Key Laboratory of Qinghai-Tibetan Plateau Animal Genetic Resource Reservation and Utilization, Sichuan Province and Ministry of Education, Southwest Minzu University, Chengdu, Sichuan, China.
Jilin Agricultural Science and Technology University, Jilin, Jilin, China.
Methods Mol Biol. 2022;2481:199-217. doi: 10.1007/978-1-0716-2237-7_13.
Genome-wide association study (GWAS) is based on the linkage disequilibrium (LD) between phenotypes and genetic markers covering the whole genome. Besides the genetic linkage between the genetic markers and the causal mutations, many other factors contribute to the LD, including selection and nonrandom mating formatting population structure. Many methods have been developed with accompany of corresponding software such as multiple loci mixed model (MLMM). There are software packages that implement multiple methods to reduce the learning curve. One of them is the Genomic Association and Prediction Integrated Tool (GAPIT), which implemented eight models including GLM (General Linear Model), Mixed Linear Model (MLM), Compressed MLM, MLMM, SUPER (Settlement of mixed linear models Under Progressively Exclusive Relationship), FarmCPU (Fixed and random model Circulating Probability Unification), and BLINK (Bayesian-information and Linkage-disequilibrium Iteratively Nested Keyway).
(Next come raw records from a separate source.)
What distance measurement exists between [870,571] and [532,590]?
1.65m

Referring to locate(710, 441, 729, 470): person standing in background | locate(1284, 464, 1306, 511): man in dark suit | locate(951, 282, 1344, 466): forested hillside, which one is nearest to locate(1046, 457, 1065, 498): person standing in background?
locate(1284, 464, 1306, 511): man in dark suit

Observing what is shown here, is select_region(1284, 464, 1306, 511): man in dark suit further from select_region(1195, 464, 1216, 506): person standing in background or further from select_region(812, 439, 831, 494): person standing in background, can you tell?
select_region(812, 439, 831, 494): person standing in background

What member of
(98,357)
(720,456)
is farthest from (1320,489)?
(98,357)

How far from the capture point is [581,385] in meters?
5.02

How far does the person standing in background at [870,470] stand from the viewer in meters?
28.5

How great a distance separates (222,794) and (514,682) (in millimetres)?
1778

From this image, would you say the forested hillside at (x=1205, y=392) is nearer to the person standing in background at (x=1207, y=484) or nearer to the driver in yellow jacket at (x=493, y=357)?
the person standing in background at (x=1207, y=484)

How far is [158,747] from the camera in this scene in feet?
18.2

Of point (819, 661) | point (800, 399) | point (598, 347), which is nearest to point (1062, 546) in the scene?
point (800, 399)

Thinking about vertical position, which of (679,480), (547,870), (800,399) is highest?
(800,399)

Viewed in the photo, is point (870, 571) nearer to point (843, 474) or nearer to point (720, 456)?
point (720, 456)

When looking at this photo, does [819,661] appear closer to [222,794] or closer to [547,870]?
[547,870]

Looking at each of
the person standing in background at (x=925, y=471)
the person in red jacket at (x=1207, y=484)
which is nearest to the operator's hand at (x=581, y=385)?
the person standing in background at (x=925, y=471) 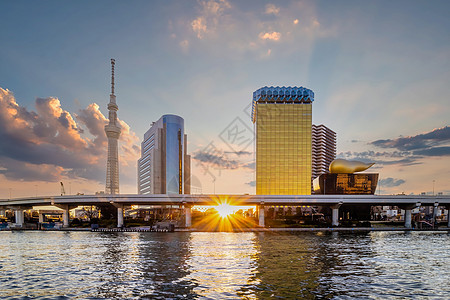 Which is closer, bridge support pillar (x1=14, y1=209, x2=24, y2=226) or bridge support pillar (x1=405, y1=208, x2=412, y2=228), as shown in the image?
bridge support pillar (x1=405, y1=208, x2=412, y2=228)

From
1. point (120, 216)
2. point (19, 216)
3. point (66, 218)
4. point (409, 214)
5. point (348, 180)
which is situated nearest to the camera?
point (120, 216)

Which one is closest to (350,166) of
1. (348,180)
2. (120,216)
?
(348,180)

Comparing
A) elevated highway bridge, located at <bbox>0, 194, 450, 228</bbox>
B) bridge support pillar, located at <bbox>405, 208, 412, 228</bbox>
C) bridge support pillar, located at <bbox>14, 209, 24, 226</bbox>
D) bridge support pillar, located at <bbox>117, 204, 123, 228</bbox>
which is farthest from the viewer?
bridge support pillar, located at <bbox>14, 209, 24, 226</bbox>

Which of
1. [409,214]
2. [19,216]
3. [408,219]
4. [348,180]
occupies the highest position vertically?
[348,180]

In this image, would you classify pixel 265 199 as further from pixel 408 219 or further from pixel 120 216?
pixel 408 219

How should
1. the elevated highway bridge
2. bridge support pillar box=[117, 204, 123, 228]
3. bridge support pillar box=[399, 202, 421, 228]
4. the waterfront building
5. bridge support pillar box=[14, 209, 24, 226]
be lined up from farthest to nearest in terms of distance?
the waterfront building
bridge support pillar box=[14, 209, 24, 226]
bridge support pillar box=[399, 202, 421, 228]
bridge support pillar box=[117, 204, 123, 228]
the elevated highway bridge

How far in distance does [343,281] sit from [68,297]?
27942 mm

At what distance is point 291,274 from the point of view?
113 feet

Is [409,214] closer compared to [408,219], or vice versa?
[408,219]

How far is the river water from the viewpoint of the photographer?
27.8 meters

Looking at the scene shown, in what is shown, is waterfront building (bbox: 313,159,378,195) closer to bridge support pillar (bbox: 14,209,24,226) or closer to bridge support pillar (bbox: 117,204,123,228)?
bridge support pillar (bbox: 117,204,123,228)

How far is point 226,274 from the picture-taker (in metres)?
34.8

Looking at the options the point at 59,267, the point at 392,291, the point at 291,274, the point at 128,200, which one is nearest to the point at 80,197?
the point at 128,200

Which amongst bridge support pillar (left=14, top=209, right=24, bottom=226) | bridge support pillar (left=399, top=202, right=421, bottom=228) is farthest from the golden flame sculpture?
bridge support pillar (left=14, top=209, right=24, bottom=226) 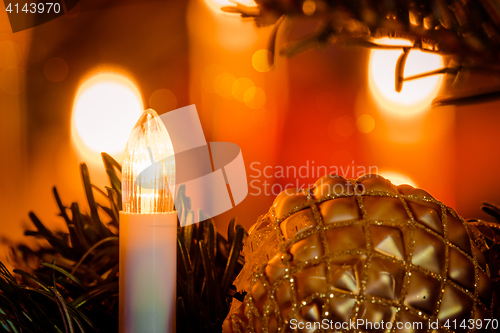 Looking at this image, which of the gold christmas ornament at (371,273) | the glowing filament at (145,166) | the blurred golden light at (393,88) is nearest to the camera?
the gold christmas ornament at (371,273)

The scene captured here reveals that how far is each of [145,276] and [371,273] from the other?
0.56ft

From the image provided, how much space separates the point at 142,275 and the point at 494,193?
1.47ft

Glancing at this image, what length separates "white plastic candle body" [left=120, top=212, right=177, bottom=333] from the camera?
0.91ft

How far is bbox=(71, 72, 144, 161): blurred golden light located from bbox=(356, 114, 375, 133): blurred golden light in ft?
1.10

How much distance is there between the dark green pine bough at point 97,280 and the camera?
299 millimetres

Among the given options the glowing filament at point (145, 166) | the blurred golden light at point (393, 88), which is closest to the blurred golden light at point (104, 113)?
the glowing filament at point (145, 166)

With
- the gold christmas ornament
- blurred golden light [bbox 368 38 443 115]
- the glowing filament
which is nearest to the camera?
the gold christmas ornament

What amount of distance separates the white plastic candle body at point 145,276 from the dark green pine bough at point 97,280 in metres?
0.04

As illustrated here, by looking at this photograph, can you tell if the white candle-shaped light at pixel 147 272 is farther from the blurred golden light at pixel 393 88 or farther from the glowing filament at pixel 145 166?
the blurred golden light at pixel 393 88

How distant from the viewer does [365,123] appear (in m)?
0.52

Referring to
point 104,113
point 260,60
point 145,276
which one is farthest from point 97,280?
point 260,60

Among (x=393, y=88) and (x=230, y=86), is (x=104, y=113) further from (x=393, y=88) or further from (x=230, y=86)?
(x=393, y=88)

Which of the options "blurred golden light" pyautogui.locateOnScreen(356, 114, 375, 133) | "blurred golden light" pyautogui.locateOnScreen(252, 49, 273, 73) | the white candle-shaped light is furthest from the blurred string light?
the white candle-shaped light

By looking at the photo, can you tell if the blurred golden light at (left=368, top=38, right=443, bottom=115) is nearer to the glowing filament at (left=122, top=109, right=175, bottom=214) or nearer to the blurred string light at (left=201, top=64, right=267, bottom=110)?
the blurred string light at (left=201, top=64, right=267, bottom=110) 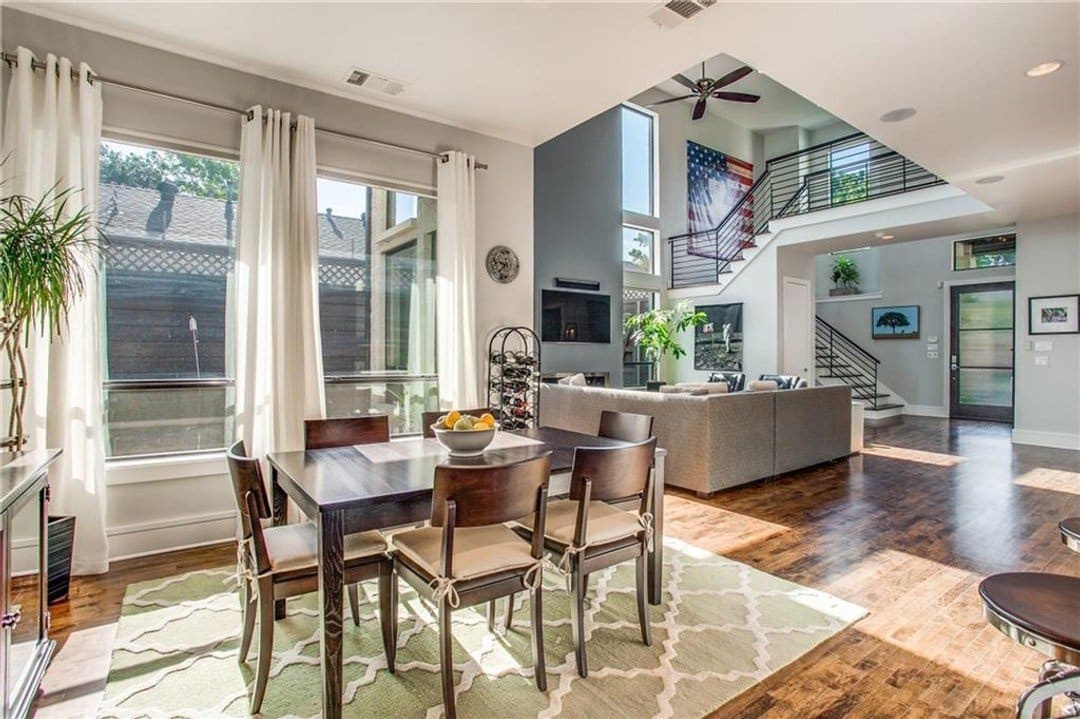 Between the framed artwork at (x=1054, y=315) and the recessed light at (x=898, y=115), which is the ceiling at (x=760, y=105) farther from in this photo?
the recessed light at (x=898, y=115)

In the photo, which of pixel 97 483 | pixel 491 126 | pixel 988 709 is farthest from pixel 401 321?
pixel 988 709

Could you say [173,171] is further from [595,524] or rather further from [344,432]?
[595,524]

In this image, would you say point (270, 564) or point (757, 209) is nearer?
point (270, 564)

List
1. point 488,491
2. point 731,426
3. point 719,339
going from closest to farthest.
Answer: point 488,491, point 731,426, point 719,339

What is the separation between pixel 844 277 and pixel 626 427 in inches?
385

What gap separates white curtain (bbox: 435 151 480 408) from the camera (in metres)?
4.39

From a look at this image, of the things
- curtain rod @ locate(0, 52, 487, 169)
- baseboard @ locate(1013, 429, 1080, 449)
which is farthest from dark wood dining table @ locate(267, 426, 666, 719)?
baseboard @ locate(1013, 429, 1080, 449)

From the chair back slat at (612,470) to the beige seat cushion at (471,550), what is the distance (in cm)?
29

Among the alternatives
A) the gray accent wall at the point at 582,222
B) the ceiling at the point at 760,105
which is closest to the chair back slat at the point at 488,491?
the gray accent wall at the point at 582,222

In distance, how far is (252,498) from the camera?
177 centimetres

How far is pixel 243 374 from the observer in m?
3.43

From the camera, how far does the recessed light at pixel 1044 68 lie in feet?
10.7

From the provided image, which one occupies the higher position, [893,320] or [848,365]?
[893,320]

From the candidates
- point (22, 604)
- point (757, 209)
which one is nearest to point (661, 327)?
point (757, 209) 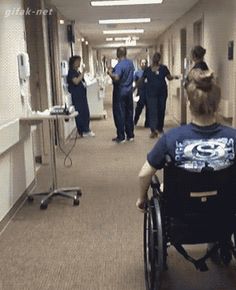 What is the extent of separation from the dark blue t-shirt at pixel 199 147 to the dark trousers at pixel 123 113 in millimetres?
4449

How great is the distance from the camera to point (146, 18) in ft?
27.8

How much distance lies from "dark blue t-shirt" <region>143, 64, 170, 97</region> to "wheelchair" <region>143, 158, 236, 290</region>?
4.89 meters

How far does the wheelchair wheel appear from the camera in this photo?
6.18 feet

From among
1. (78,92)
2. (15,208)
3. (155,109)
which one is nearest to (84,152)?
(78,92)

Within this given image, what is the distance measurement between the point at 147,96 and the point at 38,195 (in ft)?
11.5

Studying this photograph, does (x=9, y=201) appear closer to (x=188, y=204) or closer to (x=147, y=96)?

Besides the availability of multiple models, GAPIT provides comprehensive functions for data quality control, data visualization, and publication-ready quality graphic outputs, such as Manhattan plots in rectangle and circle formats, quantile-quantile (QQ) plots, principal component plots, scatter plot of minor allele frequency against GWAS signals, plots of LD between associated markers and the adjacent markers. GAPIT developers and users established a community through the GAPIT forum ( https://groups.google.com/g/gapit-forum ) with over 600 members for asking questions, making comments, and sharing experiences. In this chapter, we detail the GAPIT functions, input data frame, output files, and example codes for each GWAS model. We also interpret parameters, functional algorithms, and modules of GAPIT implementation.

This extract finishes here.